The cost of injections depends on the type of drug used.

Costs of biologics and methotrexate

Biologic drugs are effective at treating psoriasis, but they come at a steep cost. According to a 2014 study, a year of treatment with adalimumab (Humira) can cost more than $39,000. Etanercept (Enbrel) can cost more than $46,000 per year, and ustekinumab (Stelara) can cost over $53,000 each year.

On the other hand, methotrexate costs only a fraction of what these treatments cost. It comes in at about $2,000 per year.

Under the Affordable Care Act, insurance companies must offer coverage for the treatment of chronic conditions such as psoriasis. The percentage of the drug cost that your insurance company covers depends on your plan. Insurance companies often put expensive drugs like biologics in the top tiers of their covered prescription drugs. Drugs in the top tiers tend to cost people more money out of pocket.

Costs of biosimilars

Currently, there are no generic versions of biologic drugs available. Generic drugs usually cost less than brand-name versions. However, the U.S. Food and Drug Administration (FDA) has approved two biosimilar drugs based on infliximab (Remicade) called Inflectra and Renflexis. They’ve also approved a biosimilar based on etanercept (Enbrel) called Erelzi.

Unlike generic drugs, biosimilars are not exact replicas of biologic drugs. Also, they can’t be automatically substituted for the biologic drug. But like generics, biosimilars work in the same way as the biologic they’re based on, and they’re less expensive than that biologic. If you’re interested in trying a biosimilar drug, talk to your doctor.

Doctors typically prescribe injectable treatments for moderate to severe psoriasis or psoriasis that’s disabling. One other option is apremilast (Otezla), which comes as a pill. But if you can’t take any of these medications or they don’t work for you, there are other drugs that suppress the immune system and may help. Talk to your doctor about all possible options.

For mild to moderate psoriasis, doctors often suggest topical drugs first. Topical drugs are applied to your skin. They work to slow cell growth, remove scales, and relieve itching and inflammation. Examples of topical medications include:

  • Emollients: These moisturize your skin.
  • Steroid creams: These bring down swelling and redness.
  • Vitamin D analogues: These slow the production of skin cells and reduce inflammation.
  • Coal tar: This reduces scales, itching, and inflammation.

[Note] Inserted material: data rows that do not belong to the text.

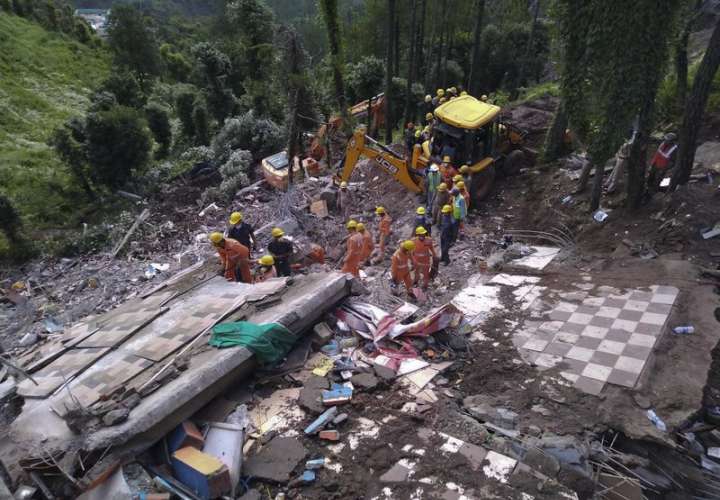 Doce muertos en India tras derrumbarse un edificio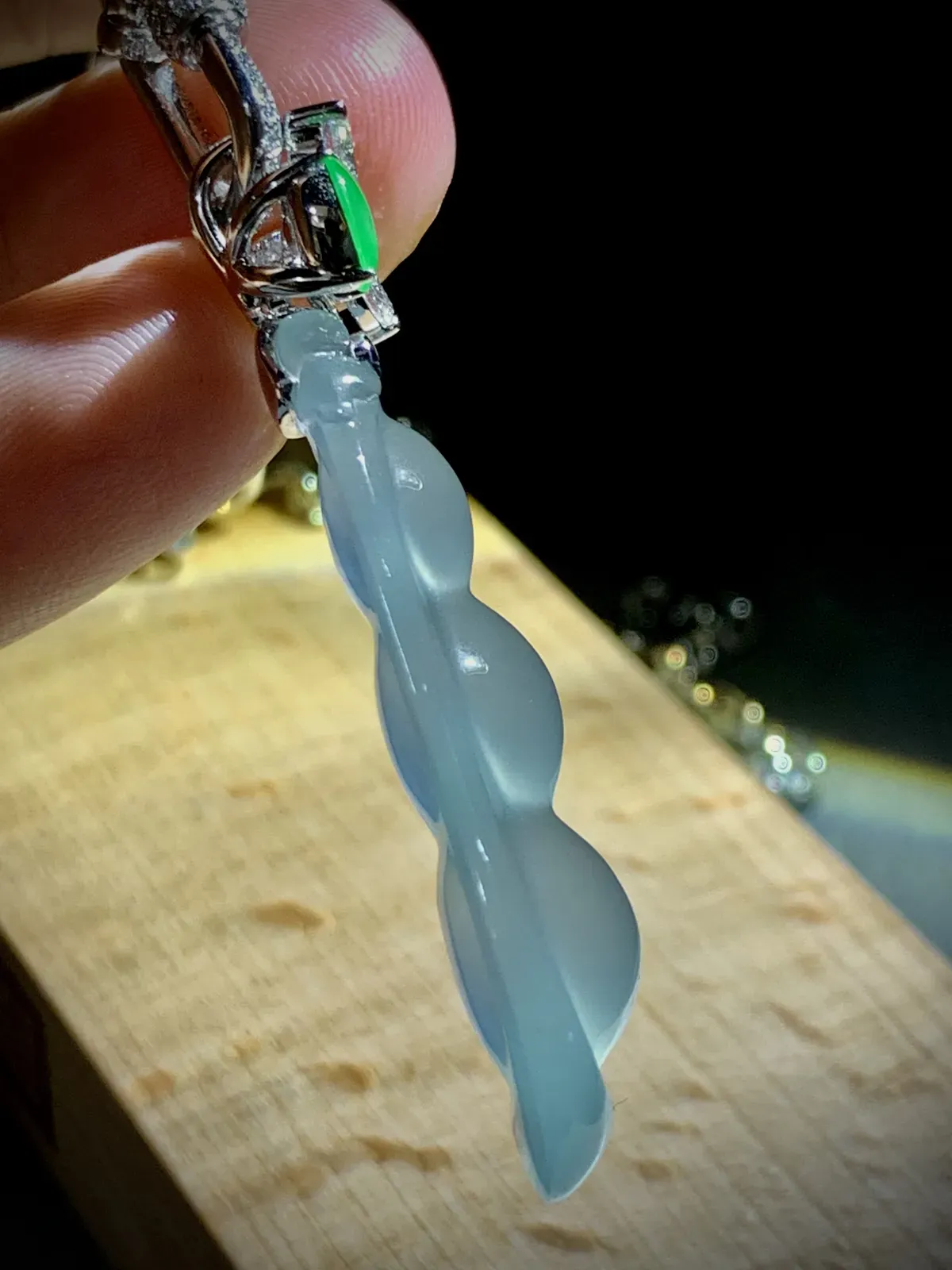 高质量四季平安豆子，裸石39.5-17-8.2mm，
9.42g，18K金，南非钻，不配图链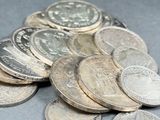 une pile de pièces posées les unes à côté des autres sur une table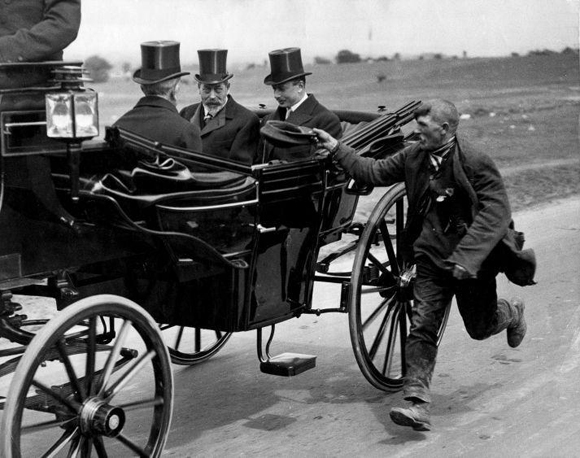 Un mendigo corriendo junto al carruaje del rey Jorge V, 1920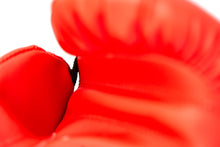 Cargar imagen en el visor de la galería, GUANTES BOXEO KIDS ROJO JUSPORTS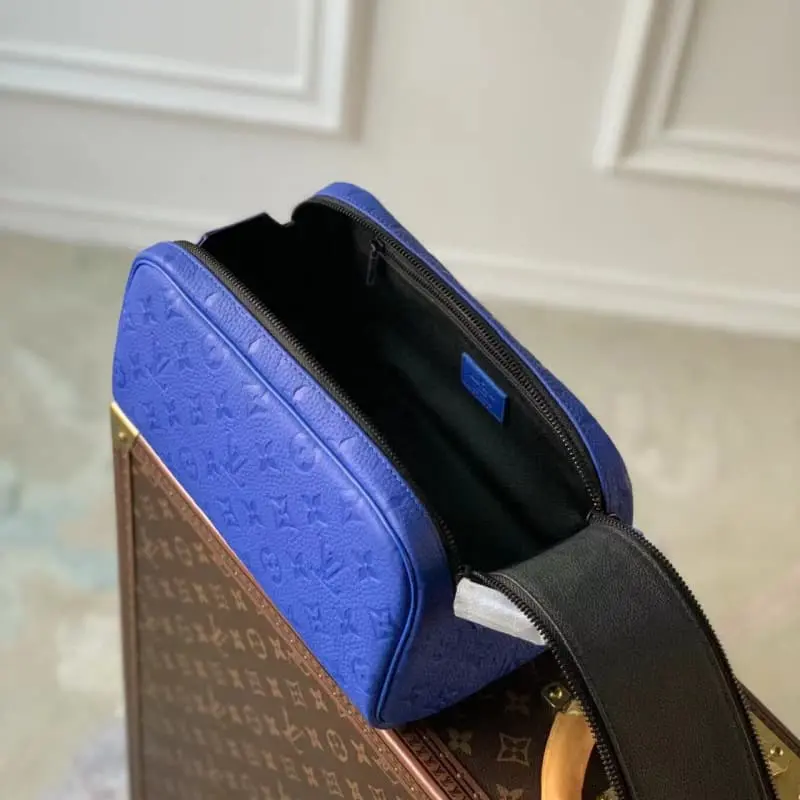 M82576 Leather S4 28x15x16.5cm High Quality Bags - Image 9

Phototherapy is another treatment for psoriasis. This treatment exposes your skin to ultraviolet light to slow cell growth. Sometimes you take a certain drug beforehand that makes your skin more sensitive to light.

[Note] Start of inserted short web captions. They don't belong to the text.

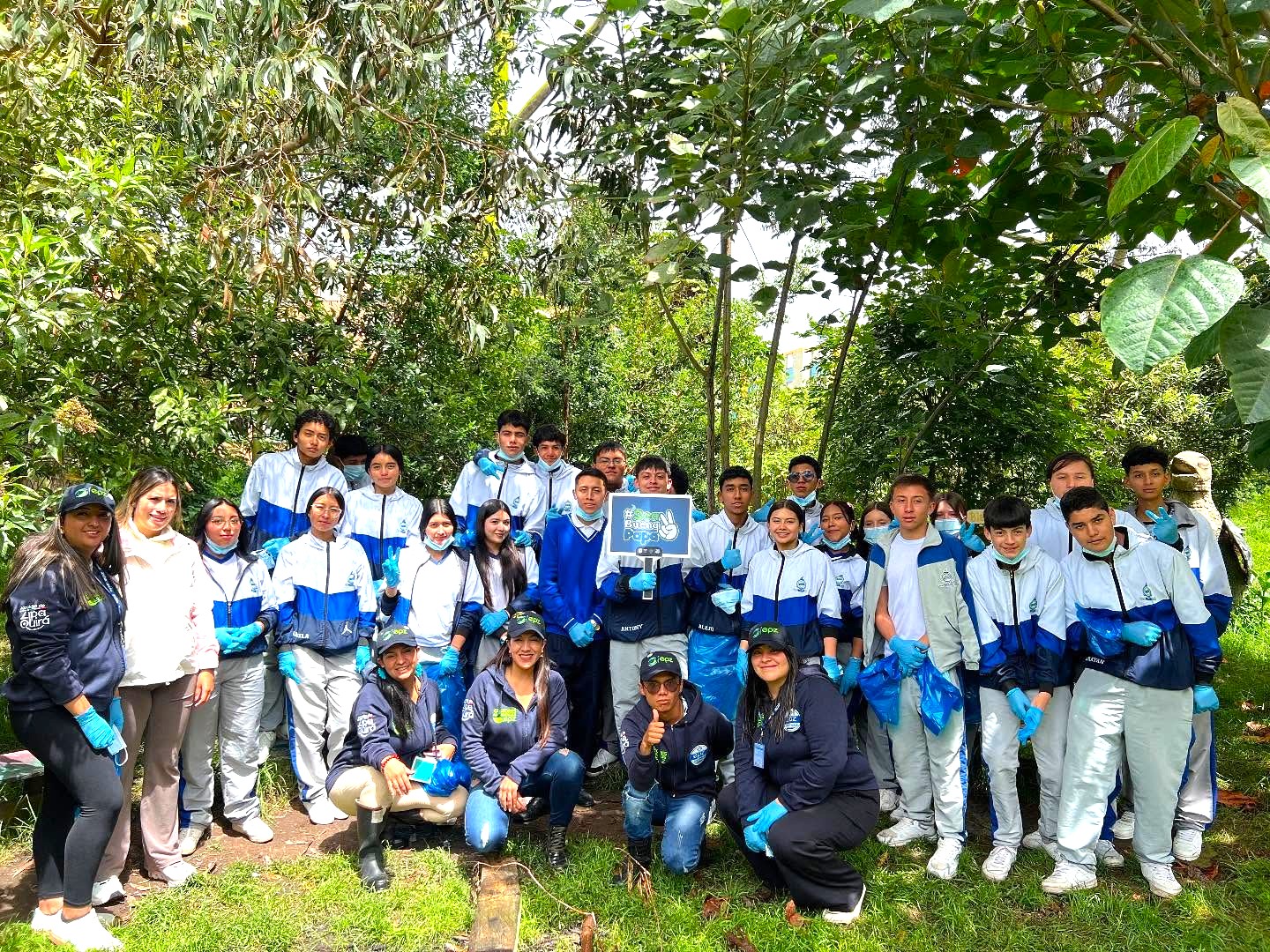 Zipaquira siembra conciencia EPZ y estudiantes sembraron vida en la quebrada El Amoladero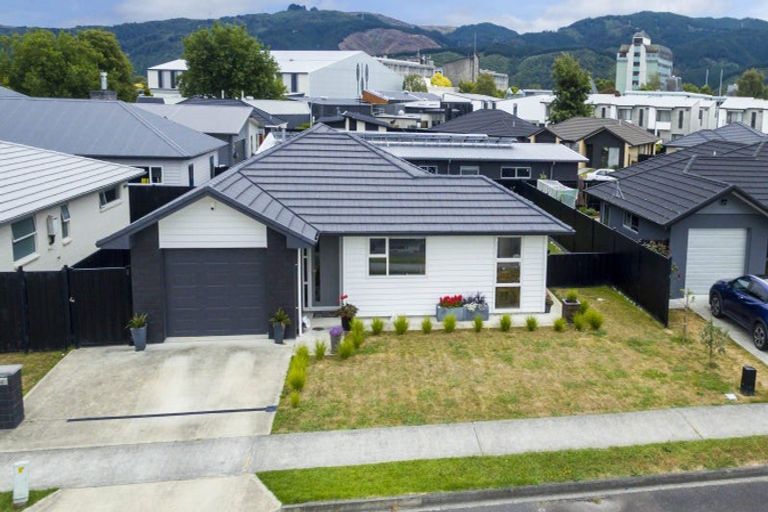 Photo of property in 24 Gallipoli Road, Trentham, Upper Hutt, 5018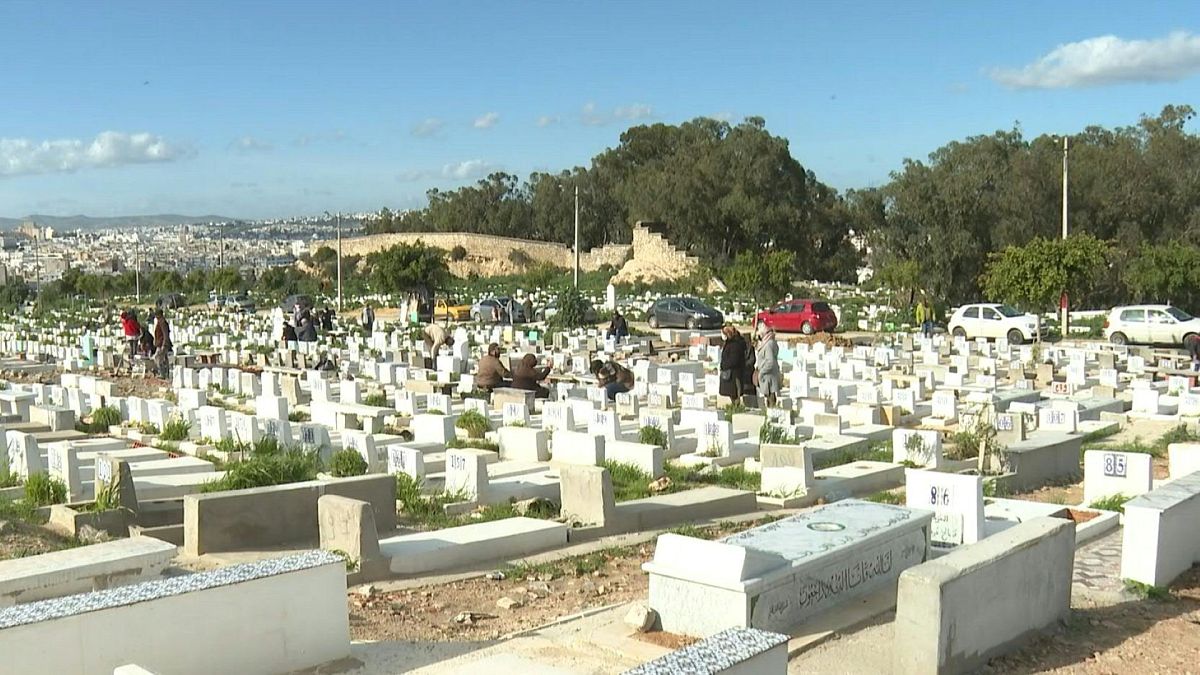 تفشي وباء كوفيد-19 يحروم التونسيين من توديع أحبائهم 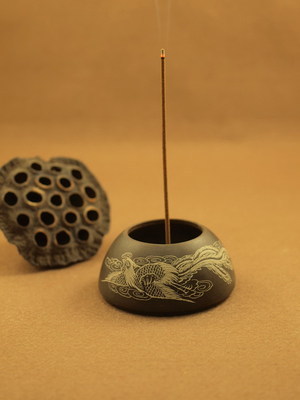 澄泥石刻鳳香插 純手工雕刻的石質(zhì)香爐與盤(pán)香爐批發(fā)指南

Your doctor will recommend a treatment for your psoriasis. If your psoriasis is moderate to severe and other treatments haven’t helped, they may prescribe an injectable drug such as methotrexate or a biologic.

Talk with your doctor about the benefits and possible side effects of these drugs. You can use this article to help you ask questions. Work closely with your doctor to find a treatment that works for you.